Aardgas is een fossiele brandstof, het ontstond 600 miljoen jaar geleden uit resten van planten en dieren. Aardgas wordt in twee grote categorieën ingedeeld naargelang de hoeveelheid zuiver methaan, die de energetische waarde bepaalt:
Laag calorisch gas bevat rond de 82 % methaan en is voornamelijk afkomstig van Groningse Slochteren in Nederland
Hoog calorisch gas bevat meer methaan (tot 98 %) en is afkomstig uit de Noordzee, Qatar of Rusland.
In België bestaan afzonderlijke distributienetten voor aardgas. Dat is historisch gegroeid. Afhankelijk van de regio, verdelen die netten laag- of hoogcalorisch aardgas. Alle aardgastoestellen zijn in principe goedgekeurd voor beide types als ze voldoen aan de norm NBN51-003. Dan zijn ze geschikt voor het gedistribueerde gas en de overeenstemmende gasdruk. Ze dragen dan een kenplaatje dat als land van bestemming België (BE) vermeldt alsook het CE-keurmerk.
Voor meer info over de omschakeling van laag naar hoog calorisch gas, zie deze link.
Stadsgas is een gas dat verkregen wordt door distillatie van steenkool of het kraken van ruwe olie. Dit gas wordt bij ons niet meer gebruikt.
Methaangas kan ook verkregen worden door de vergisting van organisch materiaal in anaerobe (zonder zuurstof) omstandigheden. In de natuur kan dit spontaan gebeuren onder de oppervlakte van moerassen. Een industriële vorm van dit proces is bio-vergisting. In een vergistingsinstallatie worden organische afvalstoffen zoals mest, rioolslib of huisvuil door micro-organismen in anaerobe omstandigheden afgebroken, waardoor onder andere methaan ontstaat.

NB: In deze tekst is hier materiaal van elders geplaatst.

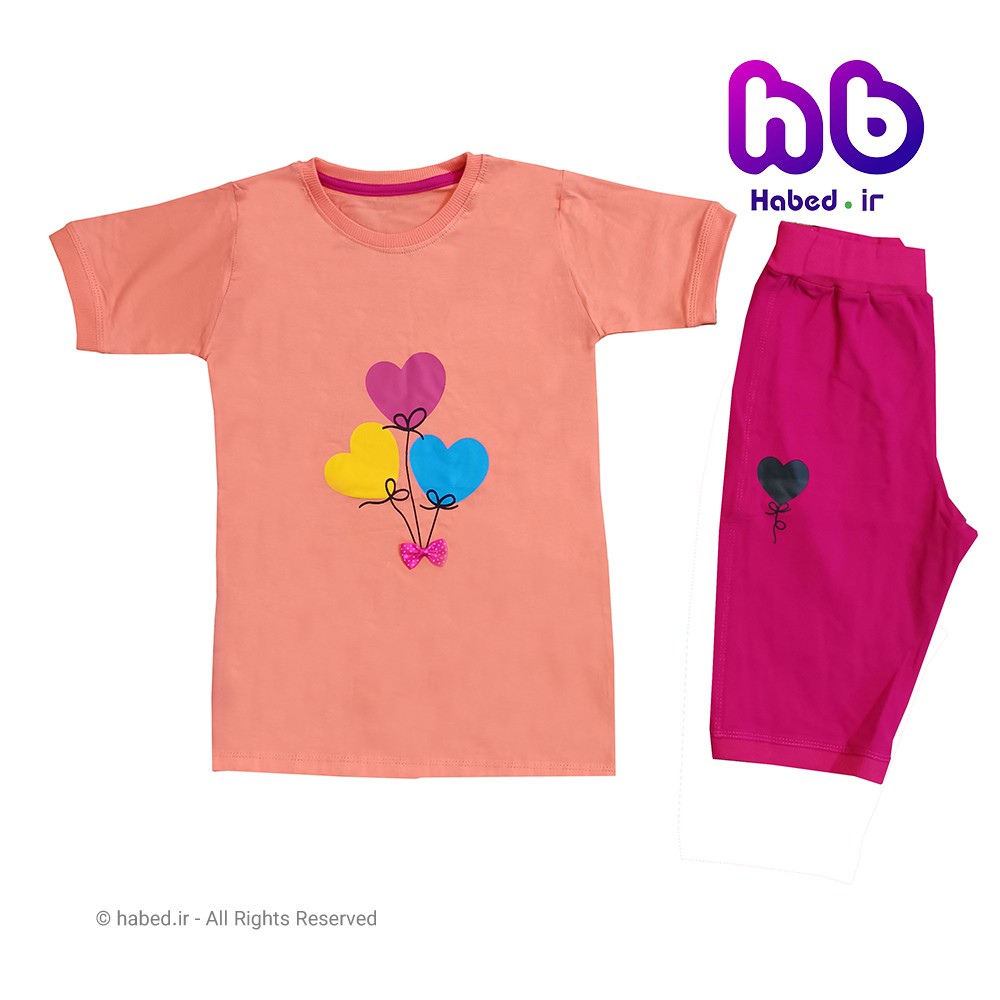 ست تیشرت و شلوارک جدید بچگانه دخترانه شیک جنس تضمینی کد 1513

Liquefied petroleum gas, LPG, bestaat hoofdzakelijk uit butaan en propaan en is afkomstig van de raffinage van ruwe olie. Het wordt onder druk bewaard in flessen of reservoirs en wordt niet via leidingen verdeeld. Butaan verdampt bij temperaturen hoger dan 0° C en propaan bij temperaturen hoger dan -15° C. Dit verklaart waarom een butaanfles in de winter binnen moet staan, nabij het kookfornuis, terwijl propaanflessen of tanks buiten mogen staan. Deze gassen zijn zwaarder dan lucht. De installaties moeten voldoen aan de norm NBN D51-006.
Autogas is een mengel van butaan en propaan. De verhouding van beide gassen in het mengsel is afhankelijk van de buitentemperatuur. Bij lager temperaturen wordt meer propaan gebruikt, omdat butaan bij lagere temperaturen onvoldoende verdampt.